Menaces sur la démocratie en Europe (pour Figaro Vox)

Une déclaration tonitruante de Valéry Giscard d’Estaing au Parisien, le 6 avril, vient de jeter un pavé dans la mare de la campagne des élections européennes: « Les médias dépeignent les élections européennes comme un événement politique de nature à régler un certain nombre de problèmes. Ce n’est malheureusement pas le cas.« 

Ces propos sont d’autant plus dévastateurs qu’ils émanent de l’inspirateur essentiel de l’élection du parlement européen au suffrage universel, qui se déroula pour la première fois en 1979, sous sa présidence. Certes, en eux mêmes, ils ne font que confirmer ce que chacun pressent. Cependant, c’est la personnalité de leur auteur qui en fait un véritable événement. Ce dernier ne fut-il pas le rédacteur de la fameuse Constitution européenne, que le peuple français a rejeté par référendum en 2005?

Affirmer que le Parlement européen a peu de pouvoirs, en tout cas pas celui de régler un certain nombre de problèmes, revient à pourfendre un dogme fondamental de la construction européenne.

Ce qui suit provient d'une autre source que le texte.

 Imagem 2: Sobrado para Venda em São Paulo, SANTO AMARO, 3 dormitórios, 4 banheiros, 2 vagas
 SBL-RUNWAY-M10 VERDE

Le président Giscard d’Estaing, l’un des principaux « pères fondateurs » de l’Union européenne, balaye ainsi la caution démocratique de sa propre créature. Non, constate-t-il, ce n’est pas le Parlement européen, élu au suffrage universel, qui décide, son rôle étant d’entériner des décisions prises ailleurs, notamment dans les bureaux de la Commission européenne. Mais alors, à quoi sert-il d’aller voter?

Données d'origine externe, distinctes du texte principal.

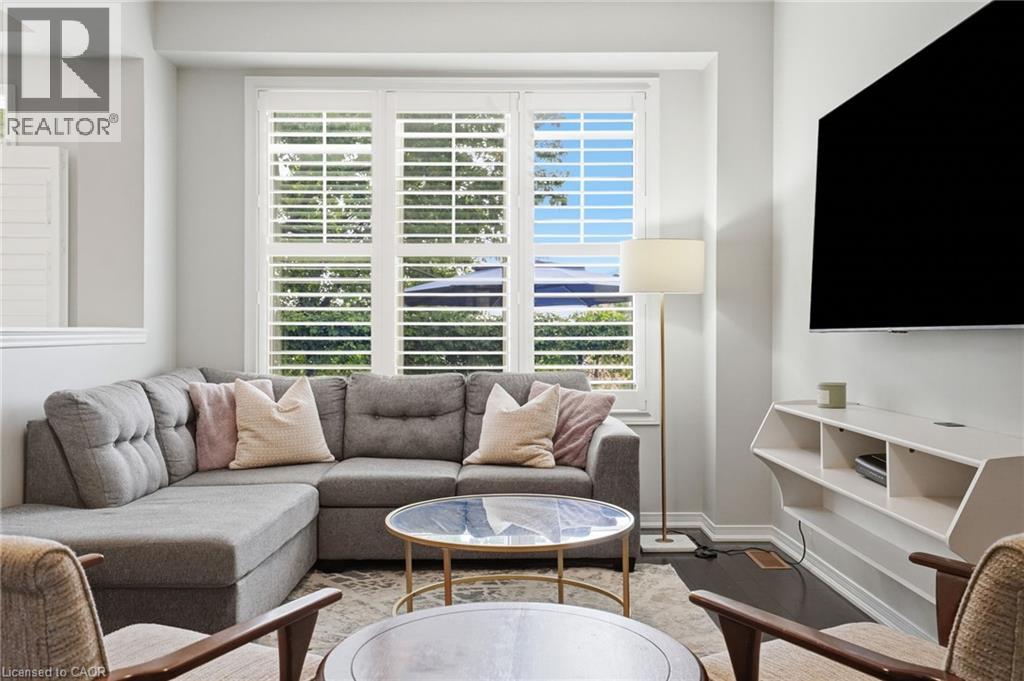 221 NISBET Boulevard - 11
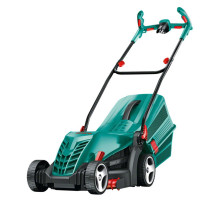 Электрическая газонокосилка Bosch ARM 33 06008A6100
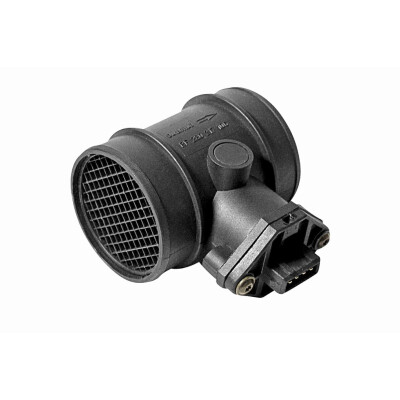 Débitmètre de masse d'air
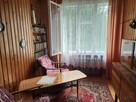 Nieruchomość z działką dom wolnostojący Szczawnica Pieniny - 11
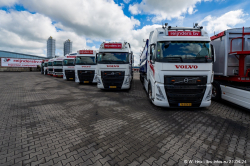 20240421-Reijnders-00145
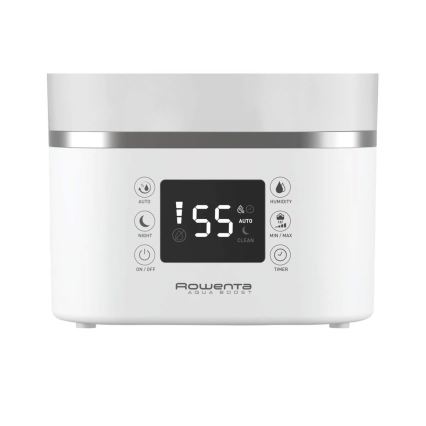 Umidificator Rowenta AQUA BOOST 2,5 l 115W/230V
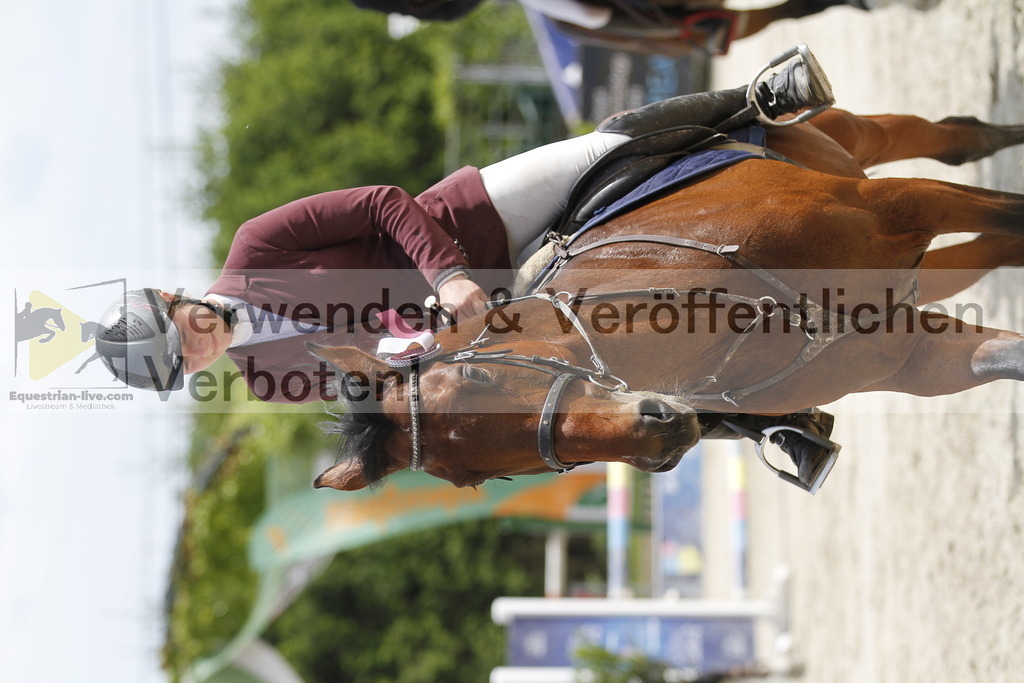 _MG_0093 | equestrian-live-com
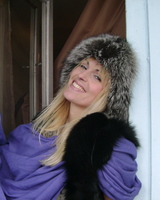 Елена Саевич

L’Europe fut le berceau de la démocratie. C’est elle qui l’a inventée depuis les origines: démocratie athénienne, Grande-Bretagne de la Grande Charte en 1215, souveraineté populaire sous la Révolution française. En sera-t-elle aussi le tombeau? Que pèse aujourd’hui la voix des peuples et quelle est sa légitimité?

Ne tenir aucun compte du résultat de la démocratie directe, du référendum, devient une habitude. En 2005, la Constitution européenne refusée par les peuples Français et Néerlandais est revenue sous la forme du traité de Lisbonne, ratifié par la voie parlementaire. En 2017, les britanniques ont voté pour une sortie de l’Union européenne mais leur Brexit est désormais englué dans un chaos inextricable et reporté aux calendes grecques, si bien que deux ans après, ils pourraient même prendre part à l’élection du Parlement européen et y envoyer des élus…

Par ailleurs, les votes populaires non conformes à l’idéologie dominante, sur des sujets sensibles comme l’immigration, sont diabolisés et voués aux gémonies en tant que « peste populiste ou nationaliste » à l’image de l’Italie de Conte ou de la Hongrie de Orban. Le fait de déplorer le résultat d’un vote populaire est légitime du point de vue des valeurs démocratiques; le mépriser est un comportement nouveau et foncièrement anti-démocratique. D’ailleurs, au crépuscule du règne de Mme Merkel, l’Allemagne elle-même présente les plus grandes incertitudes sur son devenir politique dans un contexte de profond ébranlement de son système politique traditionnel.

La France enfin est probablement la plus touchée par cette débâcle démocratique. Elle traverse une crise politique sans équivalent depuis le début de la Ve République: élection présidentielle chaotique, Assemblée nationale annihilée, partis décomposés, naufrage d’une équipe au pouvoir, en l’absence de toute alternative crédible dans un pays fragmenté et écoeuré. Jamais sans doute, depuis 60 ans, la France ne s’était vue confronté à une telle impasse ou « no futur » politique.

La démocratie le suffrage universel demeurent officiellement des piliers de l’Europe moderne. Mais dans les faits, ils sortent subrepticement du cercle de ses valeurs dominantes. Le peuple exaspère les classes dirigeantes qui fustigent le « populisme » comme Thiers en 1851, dénonçait la « vile multitude » pour abolir le suffrage universel. Le principe des élections sera préservé pour la forme mais sur le fond, à l’image des paroles prophétiques de Giscard d’Estaing, les scrutins seront privés de toute portée et de tout effet.

Le risque, pour l’Europe comme continent et pour les Etats qui la composent, est double. Le premier est celui de l’indifférence et du repli individualiste à l’image du sondage CEVIPOF sur la confiance, selon lequel 88% des Français estiment que les politiques ne tiennent pas compte de ce qu’ils pensent, marqué par des taux d’abstention gigantesques. Le second est celui de la révolte et de la violence, à l’image de la crise des Gilets Jaunes qui a hanté l’hiver français 2018-2019, mais à une toute autre échelle.